* [WHAT THE TASK ASKS]: Lines below starting with the line with "Renault Master Furgon" and going on through the line with "Miniekskavaator WACKER" must be output exactly; the rest of the records must be left out.

Collected data entries:

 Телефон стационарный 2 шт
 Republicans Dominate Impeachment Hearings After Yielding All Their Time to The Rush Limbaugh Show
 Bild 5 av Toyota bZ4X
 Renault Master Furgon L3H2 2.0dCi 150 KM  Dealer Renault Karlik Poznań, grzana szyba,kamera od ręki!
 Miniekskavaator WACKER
* * *
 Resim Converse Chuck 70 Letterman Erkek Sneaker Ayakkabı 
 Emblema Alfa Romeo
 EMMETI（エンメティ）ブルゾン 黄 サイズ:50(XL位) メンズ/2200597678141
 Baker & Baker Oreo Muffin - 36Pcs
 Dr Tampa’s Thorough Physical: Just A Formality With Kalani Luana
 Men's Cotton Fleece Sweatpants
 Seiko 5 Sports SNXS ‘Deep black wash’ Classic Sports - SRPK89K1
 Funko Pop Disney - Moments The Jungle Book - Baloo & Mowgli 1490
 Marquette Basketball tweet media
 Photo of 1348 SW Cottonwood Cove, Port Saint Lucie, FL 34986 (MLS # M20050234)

* [ANSWER BOX]:
 Renault Master Furgon L3H2 2.0dCi 150 KM  Dealer Renault Karlik Poznań, grzana szyba,kamera od ręki!
 Miniekskavaator WACKER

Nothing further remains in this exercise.